Friday, October 30, 2009

Chem Class- October 30, 2009

Another lab is coming up, so today Mr. Doktor showed us what we will have to do. First we are going to fill the sink full of water. Then we will submerge a 100 mL graduated cylinder with water in the sink and then invert it, making sure there aren't any air bubbles. After that, we will place the lighter at the bottom of the sink underneath the water and graduated cylinder. We will also release butane from it so the graduated cylinder will fill up with gas. The purpose is to experimentally determine the molar volume of a gas. We will also find out what the mass of the Butane lighter is before the experiment, after the experiment, how much is used in the experiment and calculate the amount of moles of the Butane. After that, as usual, we are to calculate the percent error in our calculation of molar volume and list any factors that may have affected our results.


Notes on Atoms and Molecules.

For Monoatomic elements: A molecule = an element

Molecules and compounds: H2O = 2 "H" atoms in 1 molecule/ 1 "O" atom in 1 molecule

Conversion fator for moles to molecules and vice versa:
6.20 x 10 to the power of 23 molecules/ 1 mol or 1 mol/ 6.20 x 10 to the power of 23 molecules

Eg: How many molecues are there in 0.125 mol of molecules?
# of molecules = 0.125 mol x 6.02 x 10 to the power of 23 molecules/1 mol = 7.53 x 10 the power of 22 molecules.

Oh, and Mr. Doktor broke a wooden board in half!!!!!

Wednesday, October 28, 2009

Chem Class - October 28, 2009

Today in class we did the ‘Mole Ratio Lab Experiment’. It wasn’t too hard, but it took a while. It was a simple experiment but if you didn’t pay attention to how you were handling the chemicals you could have gotten hurt. The purpose was to the determine the number of moles of copper produced in the reaction of iron and copper (II) chloride, the number of moles of iron used up in the reactio of iron and copper (II) chloride, the ratio of moles of iron to moles of copper, and the number of atoms and formula units involved in the reaction.

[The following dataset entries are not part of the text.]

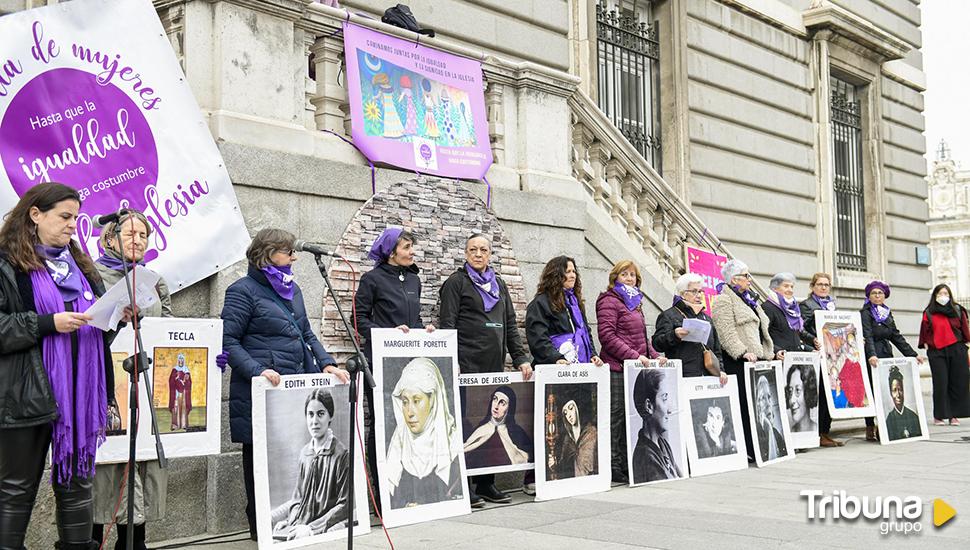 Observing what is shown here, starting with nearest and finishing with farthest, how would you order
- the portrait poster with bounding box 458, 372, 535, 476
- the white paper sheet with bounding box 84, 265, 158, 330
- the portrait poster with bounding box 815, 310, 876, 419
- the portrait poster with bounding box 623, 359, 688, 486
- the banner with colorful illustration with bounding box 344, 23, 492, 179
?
1. the white paper sheet with bounding box 84, 265, 158, 330
2. the portrait poster with bounding box 458, 372, 535, 476
3. the banner with colorful illustration with bounding box 344, 23, 492, 179
4. the portrait poster with bounding box 623, 359, 688, 486
5. the portrait poster with bounding box 815, 310, 876, 419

When doing the experiment you had to be careful with the chemicals. Copper (II) Chloride and 1Mhydrochloric acid.

Copper (II) Chloride                            1 Mhydrocholirc acid

If you came in contact with either of them you would have to rinse the affected area with water. The chemicals should never be touched, tasted, consumed and inhaled directly in any way! We wore our safety goggles and lab aprons.



The main point of the experiment was to find the difference of ratio of moles of Iron to copper. We mixed the Copper (II) Chloride with distilled water, and it turned into a light blue color.

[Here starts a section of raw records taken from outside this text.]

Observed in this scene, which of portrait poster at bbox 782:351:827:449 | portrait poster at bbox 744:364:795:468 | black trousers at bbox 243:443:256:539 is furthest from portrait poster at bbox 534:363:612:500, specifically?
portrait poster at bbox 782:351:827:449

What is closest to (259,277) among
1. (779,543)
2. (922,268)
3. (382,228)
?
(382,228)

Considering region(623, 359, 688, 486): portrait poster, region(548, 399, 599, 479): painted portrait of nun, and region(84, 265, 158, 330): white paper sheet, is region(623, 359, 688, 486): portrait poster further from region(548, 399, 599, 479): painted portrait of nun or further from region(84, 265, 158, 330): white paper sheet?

 Copper (II) Chloride mixed with distilled water


After that we added two Iron nails and waited 20 minutes for the results.


After waiting 20 minutes we took out the nails from the solution and examined them. We saw that they were covered in copper. We then scrapped off the copped back into the solution then placed the nails to dry.




We then separated the Copper (II) Chloride solution and the leftover copper, then rinsed the left over copper with 1Mhydrochloric acid. We dried the left over copper and weighed the nail and dry copper. After recording out results we dumped the left over chemicals in a chemical container that would be disposed of later on and cleaned up our lab materials. Then we washed our hands.

You can find the lab on page 55 of the Heath Chemistry (Laboratory Experiments-Canadian Edition) text book. Give it a go yourself!

Monday, October 26, 2009

Chem Class- October 26, 2009

We've added on to what we've learned today with GASES AND MOLES.
The volume of a baloon occupied by a certain gas depends on the temperature and pressure.

Standard Temperature and Pressure (STP)
O degrees Celcius and 101.3 kPa (or 273 k)

Recall Standard Ambient Temperature and Pressure (SATP)
25 degrees Celcius and 100 kPa (or 298 k)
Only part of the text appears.